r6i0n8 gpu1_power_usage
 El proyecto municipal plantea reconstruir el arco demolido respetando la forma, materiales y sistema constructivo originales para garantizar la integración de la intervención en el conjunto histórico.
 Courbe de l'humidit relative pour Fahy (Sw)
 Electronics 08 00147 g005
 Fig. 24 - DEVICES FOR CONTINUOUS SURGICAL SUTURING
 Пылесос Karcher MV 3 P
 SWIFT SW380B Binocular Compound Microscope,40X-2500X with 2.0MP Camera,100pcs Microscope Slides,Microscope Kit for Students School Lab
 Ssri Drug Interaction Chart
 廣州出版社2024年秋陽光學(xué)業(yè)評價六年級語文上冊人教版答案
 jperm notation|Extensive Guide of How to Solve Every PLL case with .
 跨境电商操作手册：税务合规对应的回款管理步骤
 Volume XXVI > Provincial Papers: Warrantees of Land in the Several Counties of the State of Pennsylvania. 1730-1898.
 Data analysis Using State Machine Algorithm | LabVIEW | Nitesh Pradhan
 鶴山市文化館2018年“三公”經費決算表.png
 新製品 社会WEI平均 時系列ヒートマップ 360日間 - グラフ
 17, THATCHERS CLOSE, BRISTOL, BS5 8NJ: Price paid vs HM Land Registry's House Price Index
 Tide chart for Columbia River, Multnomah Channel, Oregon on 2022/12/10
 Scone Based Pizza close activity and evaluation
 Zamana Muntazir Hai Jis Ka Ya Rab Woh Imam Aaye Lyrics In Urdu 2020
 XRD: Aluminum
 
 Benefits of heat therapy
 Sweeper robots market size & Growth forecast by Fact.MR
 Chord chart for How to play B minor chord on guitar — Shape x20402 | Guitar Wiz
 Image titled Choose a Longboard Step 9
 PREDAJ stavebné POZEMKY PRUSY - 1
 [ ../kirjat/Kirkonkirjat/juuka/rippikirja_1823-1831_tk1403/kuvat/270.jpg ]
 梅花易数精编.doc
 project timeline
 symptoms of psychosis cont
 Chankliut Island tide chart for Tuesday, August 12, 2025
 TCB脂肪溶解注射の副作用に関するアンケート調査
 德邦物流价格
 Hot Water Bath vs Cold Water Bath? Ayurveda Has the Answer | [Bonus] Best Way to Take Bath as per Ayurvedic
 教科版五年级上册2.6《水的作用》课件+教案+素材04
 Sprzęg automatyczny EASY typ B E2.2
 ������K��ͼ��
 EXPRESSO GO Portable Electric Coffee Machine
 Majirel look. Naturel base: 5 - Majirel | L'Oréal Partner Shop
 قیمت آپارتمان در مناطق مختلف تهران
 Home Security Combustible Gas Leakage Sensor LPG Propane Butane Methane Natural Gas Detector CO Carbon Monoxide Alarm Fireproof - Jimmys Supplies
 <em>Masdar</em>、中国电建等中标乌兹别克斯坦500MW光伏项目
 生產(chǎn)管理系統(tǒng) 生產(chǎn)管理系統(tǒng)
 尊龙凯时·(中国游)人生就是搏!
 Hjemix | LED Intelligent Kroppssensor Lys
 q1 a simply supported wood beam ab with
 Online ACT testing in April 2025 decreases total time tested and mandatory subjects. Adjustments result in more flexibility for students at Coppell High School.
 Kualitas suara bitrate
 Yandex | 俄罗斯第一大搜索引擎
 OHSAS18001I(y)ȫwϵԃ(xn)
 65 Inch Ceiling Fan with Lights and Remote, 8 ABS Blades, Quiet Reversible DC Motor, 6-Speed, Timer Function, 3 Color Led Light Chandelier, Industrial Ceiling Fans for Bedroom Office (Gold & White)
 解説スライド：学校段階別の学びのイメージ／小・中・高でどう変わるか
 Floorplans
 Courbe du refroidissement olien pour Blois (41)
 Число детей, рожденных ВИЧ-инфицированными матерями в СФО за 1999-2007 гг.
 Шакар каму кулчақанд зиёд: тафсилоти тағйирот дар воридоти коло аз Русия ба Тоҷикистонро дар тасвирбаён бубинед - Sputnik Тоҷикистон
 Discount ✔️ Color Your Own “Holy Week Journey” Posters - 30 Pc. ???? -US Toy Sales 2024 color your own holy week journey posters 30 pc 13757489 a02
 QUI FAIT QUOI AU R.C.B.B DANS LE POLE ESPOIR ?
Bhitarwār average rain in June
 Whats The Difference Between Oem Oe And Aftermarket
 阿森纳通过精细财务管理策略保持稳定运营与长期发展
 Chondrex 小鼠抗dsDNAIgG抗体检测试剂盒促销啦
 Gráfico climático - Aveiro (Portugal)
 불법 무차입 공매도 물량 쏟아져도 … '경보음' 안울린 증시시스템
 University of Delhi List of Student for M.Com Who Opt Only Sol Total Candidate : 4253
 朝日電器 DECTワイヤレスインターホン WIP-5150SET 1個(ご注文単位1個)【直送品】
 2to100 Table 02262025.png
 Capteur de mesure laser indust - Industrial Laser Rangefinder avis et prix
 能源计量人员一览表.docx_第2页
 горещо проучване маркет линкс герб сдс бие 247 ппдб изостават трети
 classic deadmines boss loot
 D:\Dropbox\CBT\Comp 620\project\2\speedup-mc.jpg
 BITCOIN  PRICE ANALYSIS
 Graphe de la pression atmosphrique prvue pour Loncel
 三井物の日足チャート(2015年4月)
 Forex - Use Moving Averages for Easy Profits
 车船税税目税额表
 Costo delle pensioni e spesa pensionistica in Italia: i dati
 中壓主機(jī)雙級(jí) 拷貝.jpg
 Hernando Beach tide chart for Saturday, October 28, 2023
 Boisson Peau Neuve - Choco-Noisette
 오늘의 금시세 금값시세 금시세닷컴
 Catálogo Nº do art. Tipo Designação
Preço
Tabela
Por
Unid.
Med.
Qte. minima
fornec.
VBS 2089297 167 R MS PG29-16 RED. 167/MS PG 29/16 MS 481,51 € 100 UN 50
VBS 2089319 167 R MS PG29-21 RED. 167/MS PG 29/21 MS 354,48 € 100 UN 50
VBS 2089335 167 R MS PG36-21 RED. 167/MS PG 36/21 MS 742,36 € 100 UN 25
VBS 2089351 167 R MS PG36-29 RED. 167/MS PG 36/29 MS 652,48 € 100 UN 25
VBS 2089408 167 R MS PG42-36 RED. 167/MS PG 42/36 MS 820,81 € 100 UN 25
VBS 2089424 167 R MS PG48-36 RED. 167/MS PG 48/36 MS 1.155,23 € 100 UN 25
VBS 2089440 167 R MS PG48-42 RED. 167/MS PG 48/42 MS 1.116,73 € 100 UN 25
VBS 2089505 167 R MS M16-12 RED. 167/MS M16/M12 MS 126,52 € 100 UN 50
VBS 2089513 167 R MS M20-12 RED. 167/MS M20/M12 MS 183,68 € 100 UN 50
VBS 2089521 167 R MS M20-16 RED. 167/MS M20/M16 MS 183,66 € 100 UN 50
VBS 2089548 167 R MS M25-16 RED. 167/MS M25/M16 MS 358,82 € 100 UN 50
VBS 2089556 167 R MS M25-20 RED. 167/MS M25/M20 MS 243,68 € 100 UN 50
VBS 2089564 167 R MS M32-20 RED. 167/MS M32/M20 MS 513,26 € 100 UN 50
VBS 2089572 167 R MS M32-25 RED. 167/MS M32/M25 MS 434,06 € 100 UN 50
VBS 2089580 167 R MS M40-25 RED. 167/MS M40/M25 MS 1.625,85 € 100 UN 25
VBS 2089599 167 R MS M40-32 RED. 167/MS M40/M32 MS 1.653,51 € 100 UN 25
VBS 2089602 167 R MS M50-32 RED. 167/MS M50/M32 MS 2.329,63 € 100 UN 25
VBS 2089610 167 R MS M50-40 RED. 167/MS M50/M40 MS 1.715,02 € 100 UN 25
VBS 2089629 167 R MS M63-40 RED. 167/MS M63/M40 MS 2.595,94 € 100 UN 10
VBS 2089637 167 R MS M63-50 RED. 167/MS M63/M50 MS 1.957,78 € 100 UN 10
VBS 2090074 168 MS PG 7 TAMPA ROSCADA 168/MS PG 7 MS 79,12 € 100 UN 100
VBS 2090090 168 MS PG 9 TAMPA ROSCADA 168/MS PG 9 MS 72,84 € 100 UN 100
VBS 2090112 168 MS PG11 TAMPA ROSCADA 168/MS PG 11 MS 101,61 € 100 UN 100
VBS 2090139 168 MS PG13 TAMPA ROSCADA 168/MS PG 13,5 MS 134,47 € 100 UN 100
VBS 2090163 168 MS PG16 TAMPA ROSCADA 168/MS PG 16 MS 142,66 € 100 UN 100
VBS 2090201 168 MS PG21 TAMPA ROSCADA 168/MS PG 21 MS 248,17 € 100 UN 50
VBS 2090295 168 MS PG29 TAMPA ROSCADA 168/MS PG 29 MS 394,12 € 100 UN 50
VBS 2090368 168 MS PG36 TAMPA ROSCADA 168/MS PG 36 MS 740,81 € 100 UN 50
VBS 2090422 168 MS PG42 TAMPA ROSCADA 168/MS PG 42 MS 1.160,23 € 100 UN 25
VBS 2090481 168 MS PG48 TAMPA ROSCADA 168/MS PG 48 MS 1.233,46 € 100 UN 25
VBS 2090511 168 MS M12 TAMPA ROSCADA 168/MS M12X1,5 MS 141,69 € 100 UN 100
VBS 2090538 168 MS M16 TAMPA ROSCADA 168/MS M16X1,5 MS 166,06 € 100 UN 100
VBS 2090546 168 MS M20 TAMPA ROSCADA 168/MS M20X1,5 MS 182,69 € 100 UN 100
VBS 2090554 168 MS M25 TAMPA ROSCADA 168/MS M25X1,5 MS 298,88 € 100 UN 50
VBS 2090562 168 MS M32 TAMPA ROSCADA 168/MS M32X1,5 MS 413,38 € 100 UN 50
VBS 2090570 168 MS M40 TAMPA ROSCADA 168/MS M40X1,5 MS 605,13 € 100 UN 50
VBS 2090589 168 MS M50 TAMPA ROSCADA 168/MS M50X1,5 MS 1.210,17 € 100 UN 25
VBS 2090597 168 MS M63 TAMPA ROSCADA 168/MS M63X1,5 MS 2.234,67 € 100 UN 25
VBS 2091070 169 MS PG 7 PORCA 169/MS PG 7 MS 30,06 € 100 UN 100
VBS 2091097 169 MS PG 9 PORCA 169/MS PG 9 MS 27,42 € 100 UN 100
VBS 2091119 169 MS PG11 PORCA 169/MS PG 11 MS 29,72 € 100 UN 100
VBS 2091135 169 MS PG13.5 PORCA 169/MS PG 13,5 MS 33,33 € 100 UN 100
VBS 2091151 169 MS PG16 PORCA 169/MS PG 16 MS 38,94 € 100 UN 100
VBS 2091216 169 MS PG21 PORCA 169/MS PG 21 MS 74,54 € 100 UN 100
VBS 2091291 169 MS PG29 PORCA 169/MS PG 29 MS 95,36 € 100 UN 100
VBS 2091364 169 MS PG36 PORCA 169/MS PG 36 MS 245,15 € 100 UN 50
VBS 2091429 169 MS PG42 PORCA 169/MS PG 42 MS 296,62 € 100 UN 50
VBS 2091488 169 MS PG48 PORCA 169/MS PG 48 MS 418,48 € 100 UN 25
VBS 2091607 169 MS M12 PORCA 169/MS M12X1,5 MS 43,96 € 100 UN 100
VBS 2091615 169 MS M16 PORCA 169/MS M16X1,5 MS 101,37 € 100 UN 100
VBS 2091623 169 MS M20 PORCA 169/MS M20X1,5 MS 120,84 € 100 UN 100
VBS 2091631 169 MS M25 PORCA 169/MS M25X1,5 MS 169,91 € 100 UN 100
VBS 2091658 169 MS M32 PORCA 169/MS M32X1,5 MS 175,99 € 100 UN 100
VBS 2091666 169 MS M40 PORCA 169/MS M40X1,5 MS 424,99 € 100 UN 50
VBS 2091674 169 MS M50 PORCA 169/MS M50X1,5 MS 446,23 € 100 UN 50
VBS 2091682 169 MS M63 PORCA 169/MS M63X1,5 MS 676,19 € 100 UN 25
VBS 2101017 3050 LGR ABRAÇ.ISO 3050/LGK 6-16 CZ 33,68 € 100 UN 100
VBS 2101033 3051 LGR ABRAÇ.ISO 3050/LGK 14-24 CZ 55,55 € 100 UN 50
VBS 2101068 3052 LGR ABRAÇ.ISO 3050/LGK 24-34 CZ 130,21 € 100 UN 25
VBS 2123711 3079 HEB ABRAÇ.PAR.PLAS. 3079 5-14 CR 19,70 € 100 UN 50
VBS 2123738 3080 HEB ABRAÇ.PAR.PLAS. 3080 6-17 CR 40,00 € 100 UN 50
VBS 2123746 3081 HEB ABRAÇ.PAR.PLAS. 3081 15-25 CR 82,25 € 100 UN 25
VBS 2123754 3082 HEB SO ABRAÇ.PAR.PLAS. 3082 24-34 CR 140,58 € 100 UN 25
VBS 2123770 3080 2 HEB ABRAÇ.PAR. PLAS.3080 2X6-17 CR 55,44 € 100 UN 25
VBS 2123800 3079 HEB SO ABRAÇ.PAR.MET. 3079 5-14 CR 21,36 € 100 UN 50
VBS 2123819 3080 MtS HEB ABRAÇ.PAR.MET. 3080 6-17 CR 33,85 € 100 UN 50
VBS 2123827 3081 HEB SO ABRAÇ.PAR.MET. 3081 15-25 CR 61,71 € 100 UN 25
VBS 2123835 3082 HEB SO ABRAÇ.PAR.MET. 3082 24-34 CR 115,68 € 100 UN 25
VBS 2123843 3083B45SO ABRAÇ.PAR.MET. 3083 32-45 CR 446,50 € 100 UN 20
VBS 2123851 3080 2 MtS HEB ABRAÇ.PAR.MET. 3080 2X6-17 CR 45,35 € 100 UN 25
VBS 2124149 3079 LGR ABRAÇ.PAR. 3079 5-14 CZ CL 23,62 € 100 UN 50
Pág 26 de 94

▶ [WORK REQUIRED]: Look through the entries and return every line where "Color" appears.

▶ [RESULT OF THIS EXERCISE]:
 65 Inch Ceiling Fan with Lights and Remote, 8 ABS Blades, Quiet Reversible DC Motor, 6-Speed, Timer Function, 3 Color Led Light Chandelier, Industrial Ceiling Fans for Bedroom Office (Gold & White)
 Discount ✔️ Color Your Own “Holy Week Journey” Posters - 30 Pc. ???? -US Toy Sales 2024 color your own holy week journey posters 30 pc 13757489 a02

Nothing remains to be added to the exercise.